Afrasianet - U.S. military moves in the Caribbean and Central American countries clearly indicate a U.S. attempt to remedy China, Russia, and North Korea's attempts to find a permanent foothold in this area.
Since last month, US-Venezuelan relations have entered a dangerous cycle of escalation and threats of the use of force, based on several backgrounds, which constitute a continuation of the state of "lurking" through which Washington views Caracas, especially with regard to the development of relations between the latter and major capitals such as Beijing, Moscow, and Tehran.

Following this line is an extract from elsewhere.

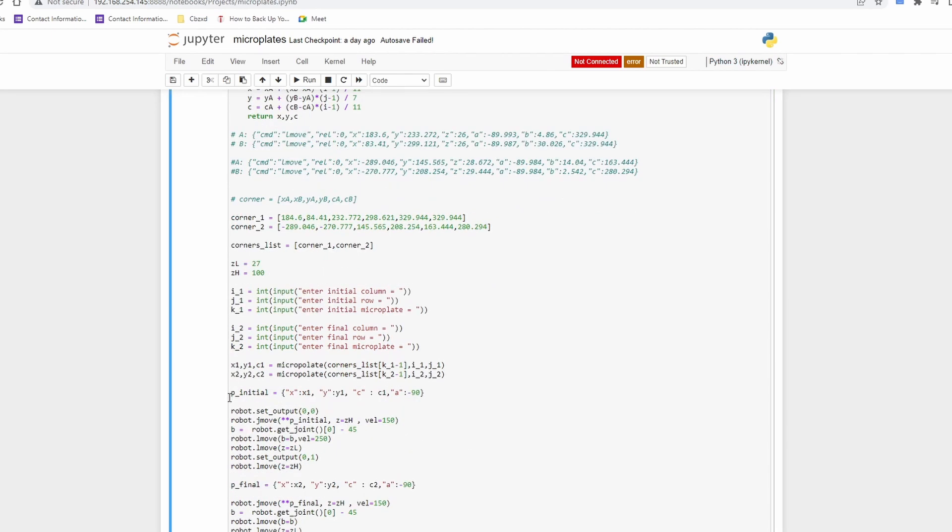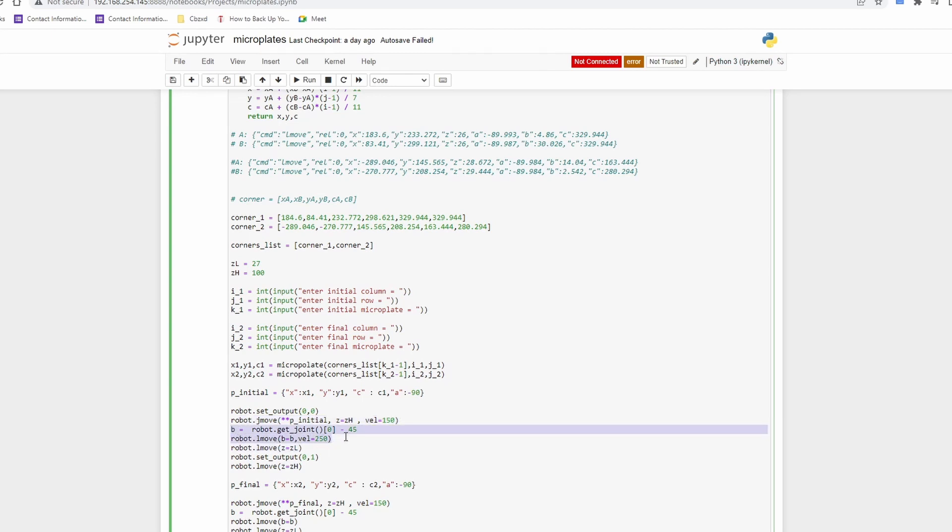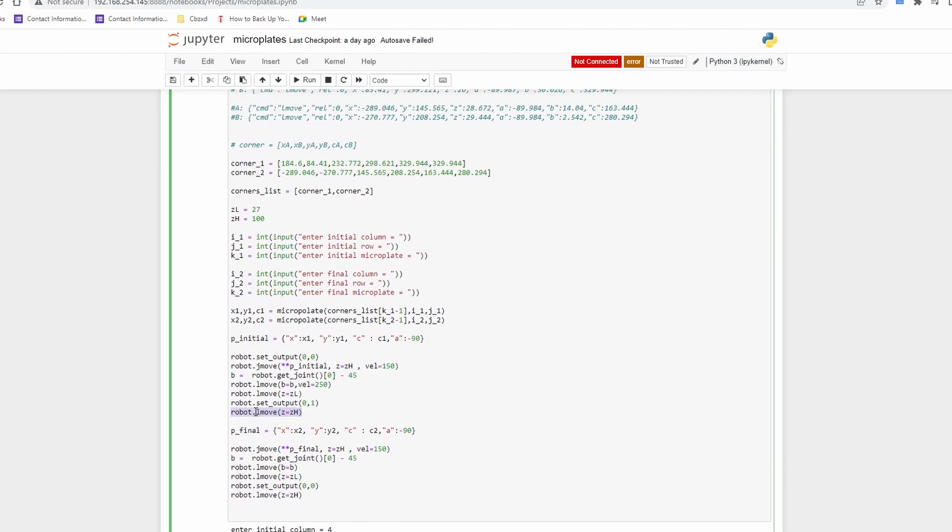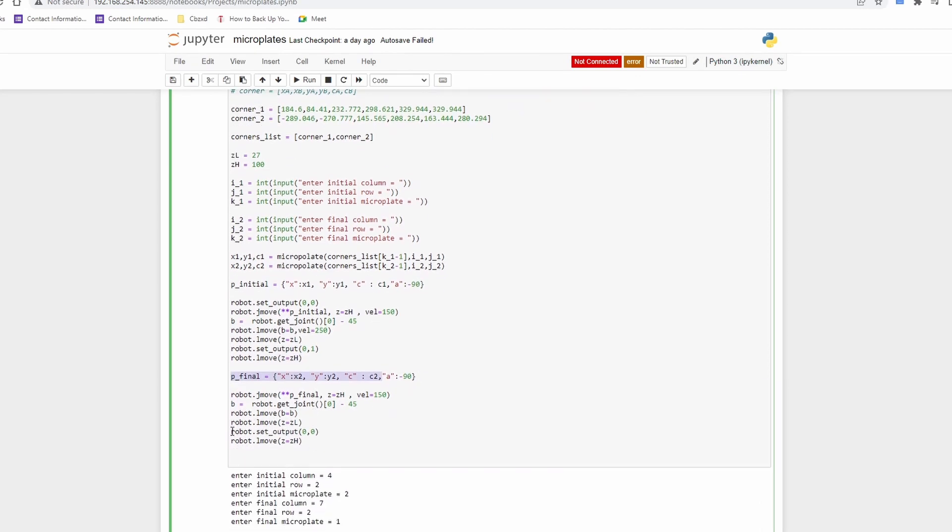Then we design a sequence of moves as follows. First we open the gripper. Then we move to a safe height above the initial point. Then we adjust the orientation of the gripper so the fingertips are aligned with the spaces between microtubes. Next we move down, close the gripper and move up again. We go to the final point and repeat the same sequence but only open the gripper when we place the microtube to the desired location.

The two main trends in the escalation between the two countries are related to a U.S. argument - repeated over the past decades - regarding the high levels of drug smuggling operations coming from Central and South America to North America, passing through the Panama Canal and parts of the Colombian and Venezuelan coasts, and the southern coast of Puerto Rico, Haiti and Cuba, and Washington using this as a pretext to send quality maritime and air media in the direction of the Venezuelan coast and Puerto Rico territory. The second trend is related to the renewal of the historical conflict between Venezuela and Guyana, a dispute over the dependence of the oil- and mineral-rich region of Isiquibo.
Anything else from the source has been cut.